ROANOKE TIMES

                         Roanoke Times
                 Copyright (c) 1995, Landmark Communications, Inc.

DATE: WEDNESDAY, August 2, 1995                   TAG: 9508020024
SECTION: CURRENT                    PAGE: NRV-12   EDITION: NEW RIVER VALLEY 
SOURCE: Associated Press
DATELINE: NORFOLK                                LENGTH: Medium


COMPLAINT AGAINST PROFESSOR WILL GO FORWARD

A federal judge was asked Monday to throw out the College of William and Mary's complaint against a tenured professor whose alleged sexual harassment of a student led to a lawsuit against the school.

``It muddles the issue,'' Eileen N. Wagner, a Richmond attorney representing William and Mary doctoral student Karen Veselits, told U.S. District Judge Richard B. Kellam.

But Assistant Attorney General Richard Kast defended the ``third-party complaint'' that the school brought against history professor Ismail Abdalla in April, a month after Veselits filed a $2 million lawsuit against the college.

Veselits' lawsuit, which did not name Abdalla, contends the college mishandled her sexual harassment claim against the professor. The college's court filing seeks to make Abdalla responsible for any damages.

According to Wagner, a William and Mary sexual harassment committee that started looking into the student's allegation in 1993 concluded that she was pressured for sex and that she received a punitive grade when she refused.

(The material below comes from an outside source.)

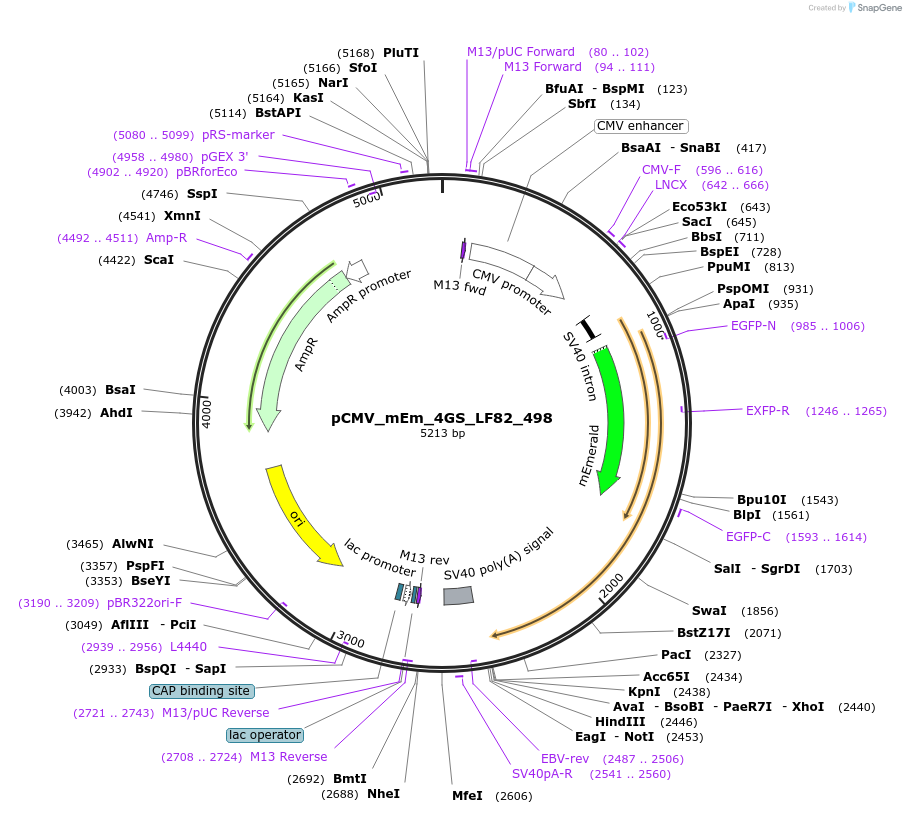 100431-plasmid-map-sequence-id-210132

But Wagner said the college's handling of the matter was ``deliberately slowed down'' in a way that hurt her client's chance of getting relief.

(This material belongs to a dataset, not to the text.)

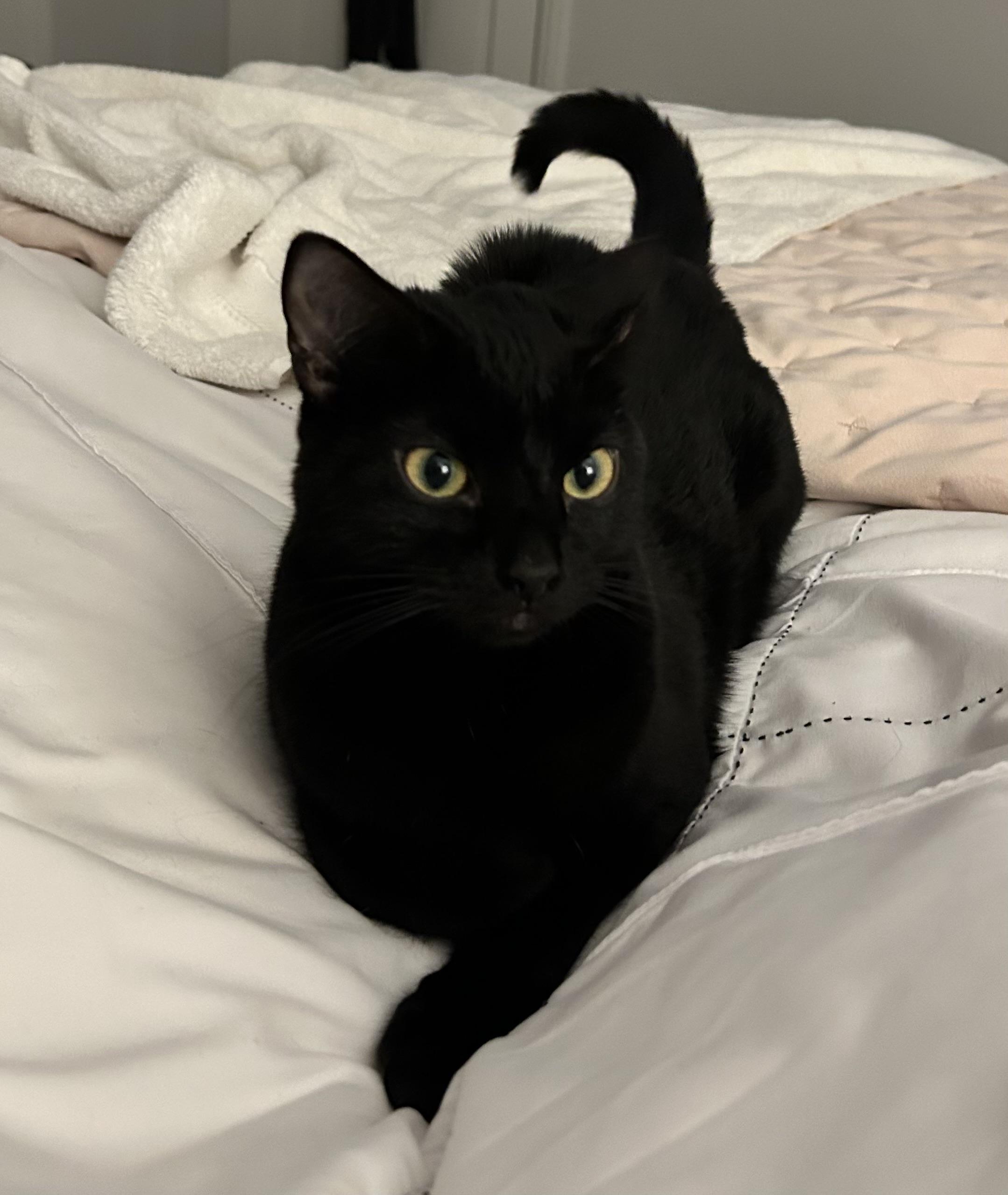 Enlarge Isairis, an adoptable Domestic Short Hair in Ridgefield, CT image 3/6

``I dare say if she had gotten an apology, that would have ended it,'' Wagner told Kellam.

Robert T. Billingsley of Richmond, the professor's attorney who also asked that the college's third-party complaint be dismissed, said the William and Mary committee report raised doubts about whether Veselits actually received a punitive grade.

He also said the committee didn't conduct a due-process proceeding that allowed the professor to cross-examine witnesses.

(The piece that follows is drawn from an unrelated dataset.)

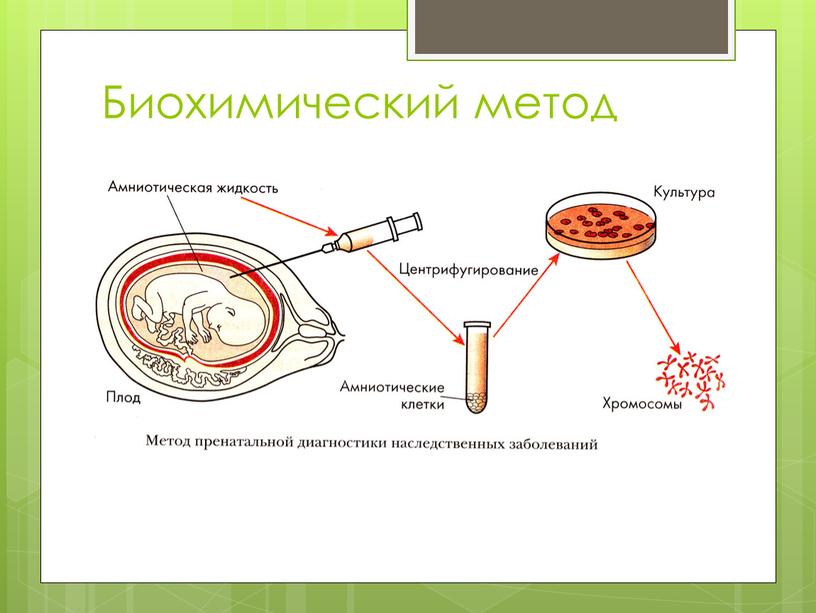 Биохимический метод картинки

Kellam did not indicate when he would rule on the college's complaint or on Wagner's request that the committee's harassment finding be accepted by the court. Billingsley opposes the request.

Dean David J. Lutzer of the Arts and Sciences faculty at William and Mary was still reviewing the committee's findings when the doctoral student filed her lawsuit. The case does not yet have a trial date.